Find rational numbers $a,b,c$ satisfying $(2^{1/3}-1)^{1/3} = a^{1/3}+b^{1/3}+c^{1/3}$.

Question

$\textbf{Problem} $ Find rational numbers $a,b,c$ satisfying \begin{align*} (2^\frac13-1)^\frac13 = a^\frac13+b^\frac13+c^\frac13 \end{align*}

My Attempt: I try to $2^\frac13-1 = (a^\frac13+b^\frac13+c^\frac13)^3$ and compare with rational numbers and irrational numbers in LHS and RHS.

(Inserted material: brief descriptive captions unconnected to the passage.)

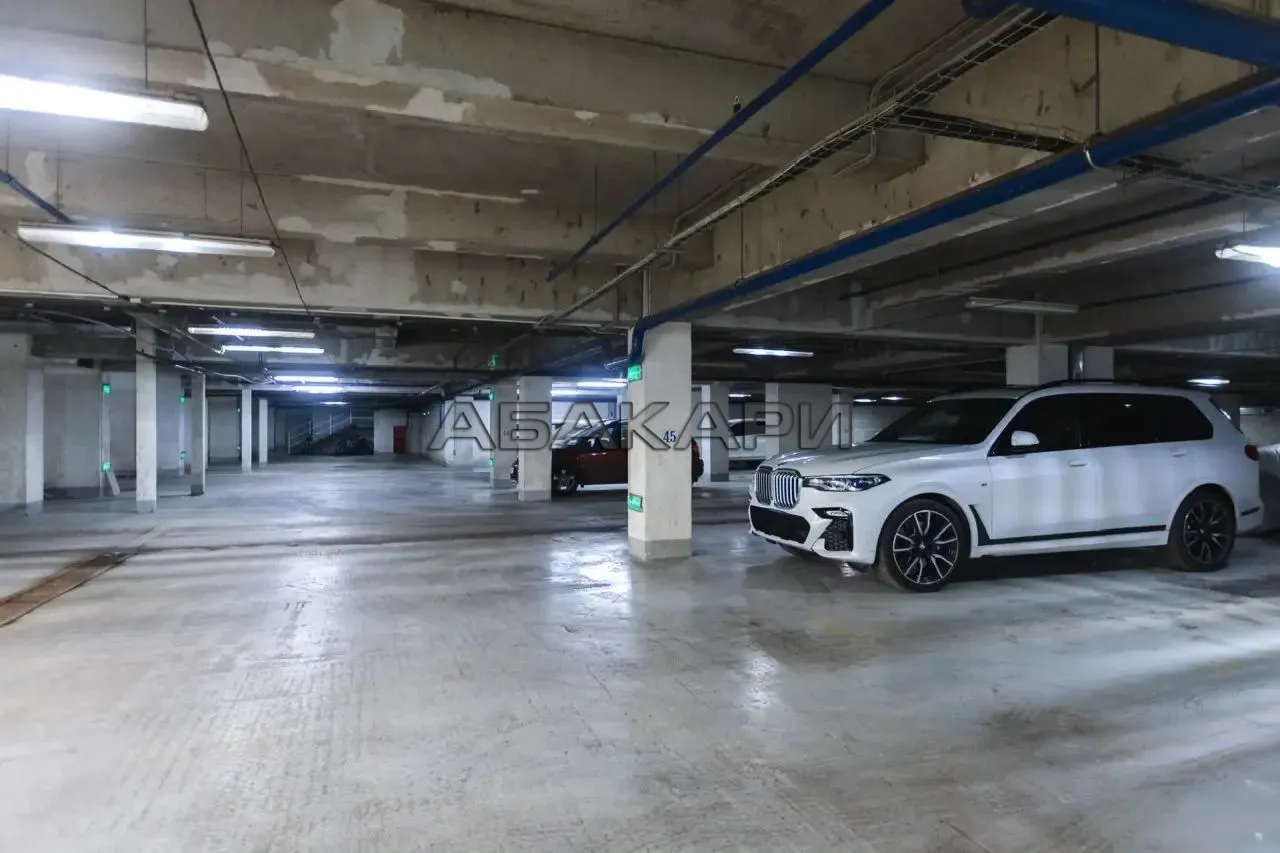 3-комнатная улица Ломоносова, 11А  за 190000 руб/мес фото 18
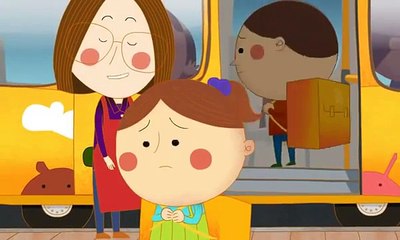 [허쉬위쉬] 유아성교육. 어린이 성폭력예방 교육영상 애니메이션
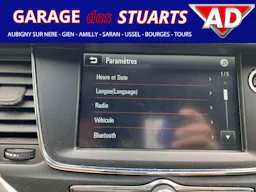 Opel Astra  1.2i TURBO FAP - 145 - EDITION - GPS + PACK HIVER occasion - Photo 16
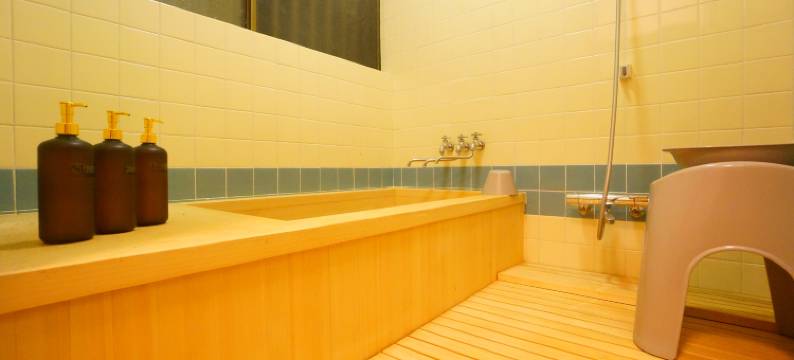 Comfort Stay Izu Peninsula图片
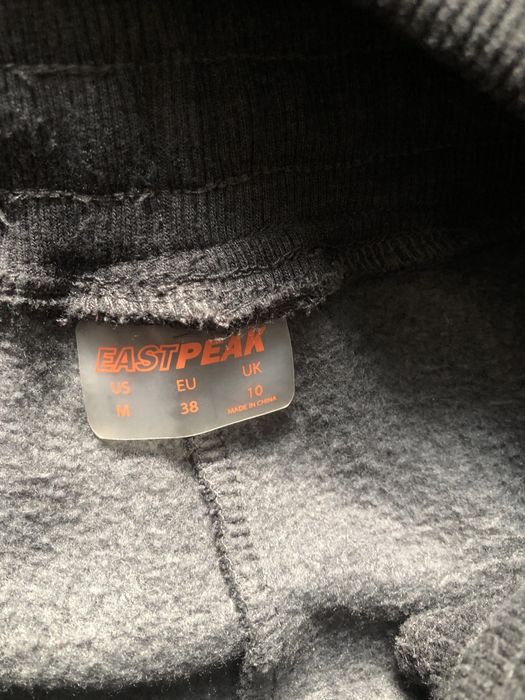 Спортивный костюм East Peak. Р-р 46-48.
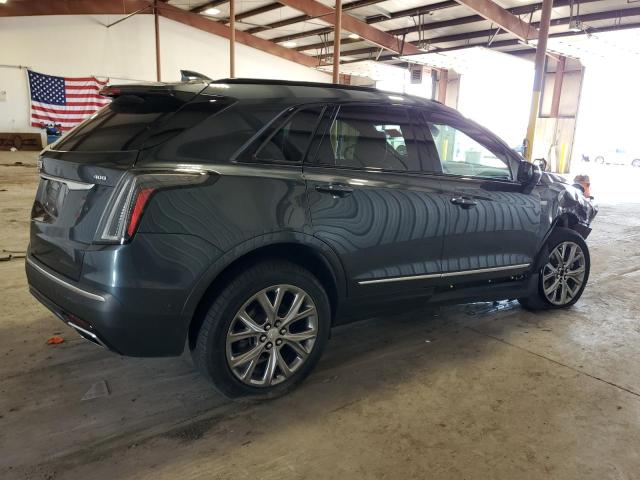 2021 CADILLAC XT5 SPORT - 1GYKNGRS2MZ178690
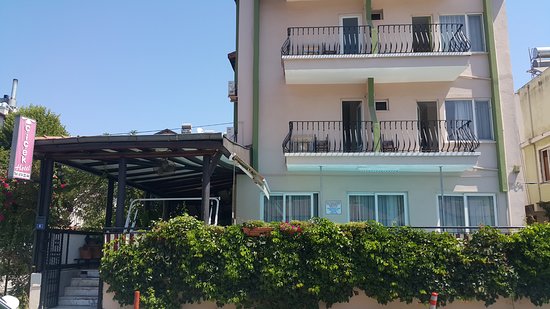 Flughafen Dalaman (DLM) Airport transportation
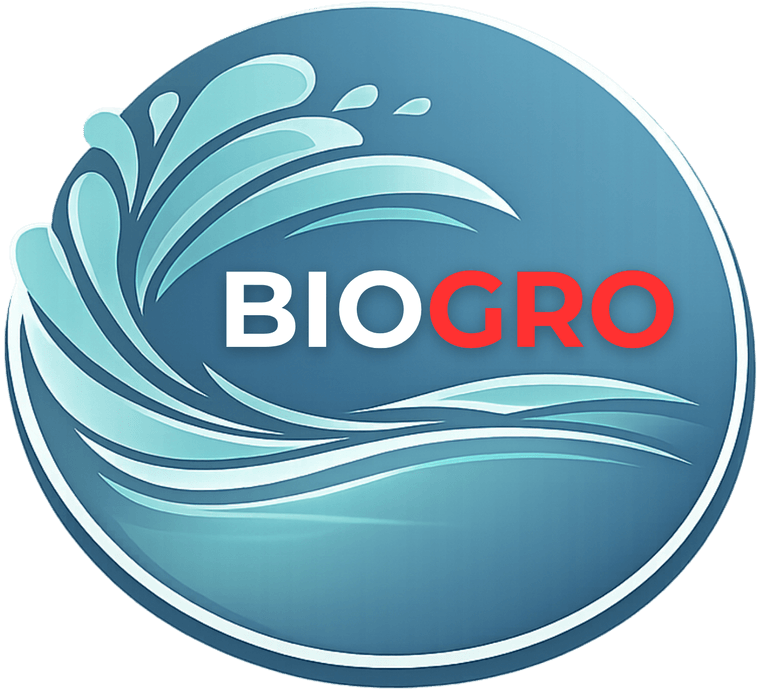 Logo BIOGRO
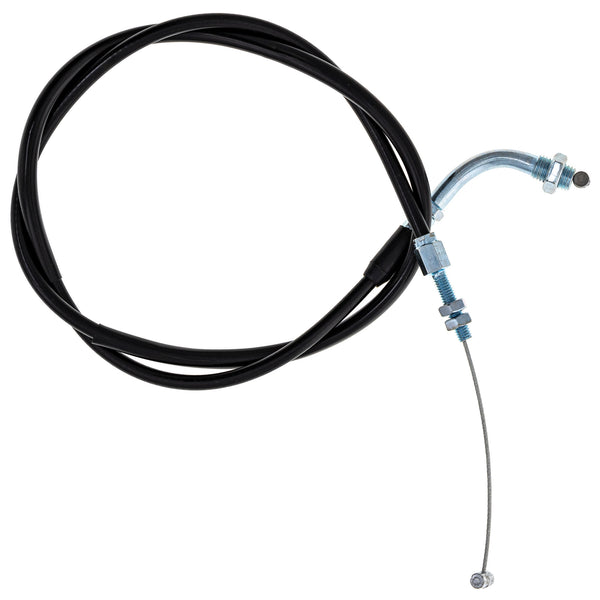 パム! Pull Throttle Cable Honda | NICHE PARTS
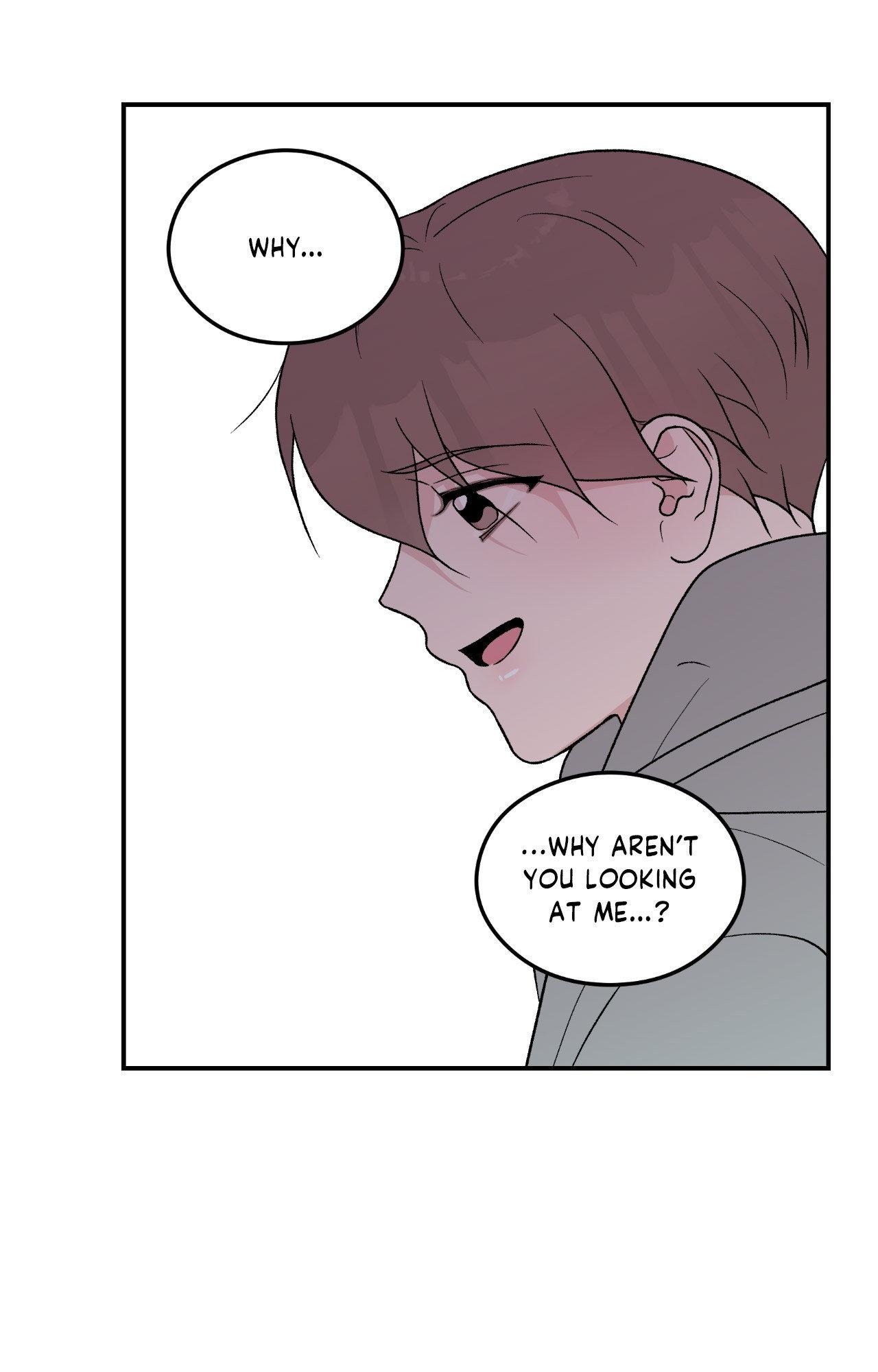 Flip Turn - Chapter 58 Page 14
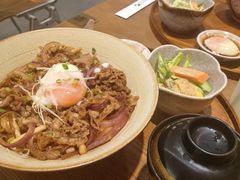 -ITARU食堂·定食料理(西丽店)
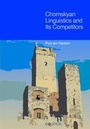 Cover: Chomskyan Linguistics and Its Competitors - Equinox Publishing Ltd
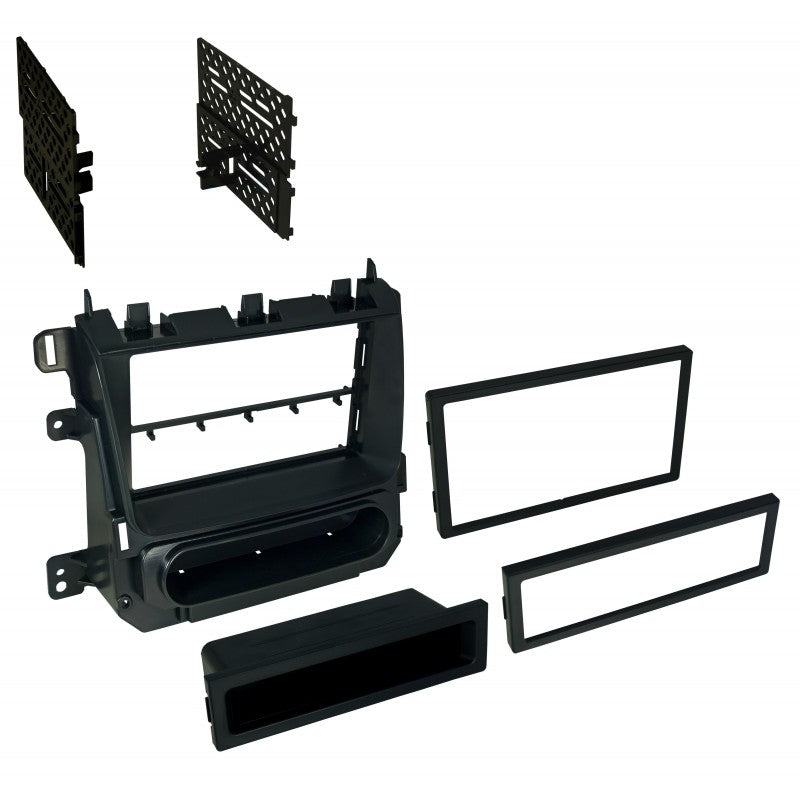 American International 2015-2020 Chevy Tahoe Suburban Gmc Yukon Yukon Xl Kit American International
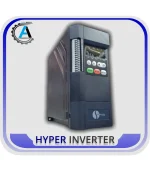اینورتر سه فاز SSInverter SSI80E توان 2.2kW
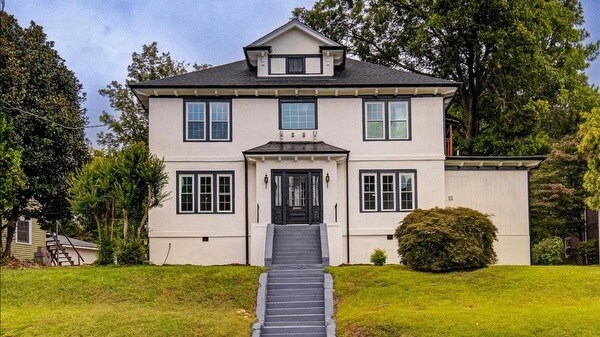 Photo - 1523 W 1st St (Winston-Salem, NC)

Any help is appreciated...

Thank you!

Update: I found the answer. I want to find rational numbers $a,b,c$ without assumption $a=1/9,b=-2/9,c=4/9$. Thus, I found the identity: $$\sqrt[3]{m^3-n^3+6m^2n+3mn^2-3(m^2+mn+n^2)\sqrt[3]{mn(m+n)}}=\\ \sqrt[3]{m^2(m+n)}-\sqrt[3]{mn^2}-\sqrt[3]{(m+n)^2n}$$

1) How to get the identity?

2) I want to know about uniqueness $(a,b,c)$ satisfying $(2^\frac13-1)^\frac13=a^\frac13+b^\frac13+c^\frac13$

Answer 1

Set $t:=\sqrt[3]{2}$. Then, $t^3=2$ and $t^3-1=1$, whence $$t-1=\frac{t^3-1}{t^2+t+1}=\frac{1}{t^2+t+1}=\frac{3}{3t^2+3t+3}=\frac{3}{t^3+3t^2+3t+1}=\frac{3}{(t+1)^3}\,.$$ Therefore, $$\sqrt[3]{t-1}=\frac{\sqrt[3]{3}}{t+1}\,.$$ Now, $t^3+1=3$, so $$\sqrt[3]{t-1}=\frac{\sqrt[3]{3}\left(t^2-t+1\right)}{t^3+1}=\frac{\sqrt[3]{3}\left(t^2-t+1\right)}{3}=\frac{t^2-t+1}{\sqrt[3]{9}}\,.$$ Plugging in $t=\sqrt[3]{2}$, we obtain $$\sqrt[3]{\sqrt[3]{2}-1}=\sqrt[3]{\frac{4}{9}}+\sqrt[3]{-\frac{2}{9}}+\sqrt[3]{\frac19}\,.$$

In fact, this is the only possible way to write $\sqrt[3]{\sqrt[3]{2}-1}=\frac{1}{3}\sqrt[3]{12}-\frac{1}{3}\sqrt[3]{6}+\frac{1}{3}\sqrt[3]{3}$ as a sum $$\sum_{j=1}^n\,x_j\,\sqrt[r_j]{d_j}\,,$$ where $x_1,x_2,\ldots,x_n\in\mathbb{Q}\setminus\{0\}$, $r_1,r_2,\ldots,r_n\in\mathbb{Z}_{>0}$, and for $j=1,2,\ldots,n$, each $d_j\neq0$ is an $r_j$-power-free integer (with $d_j=1$ iff $r_j=1$, and with $d_j>1$ if $r_j>1$ is odd). This is because radicals are linearly independent over $\mathbb{Q}$. See a proof here. (As a consequence, $a$, $b$, and $c$ are unique, up to permutation.)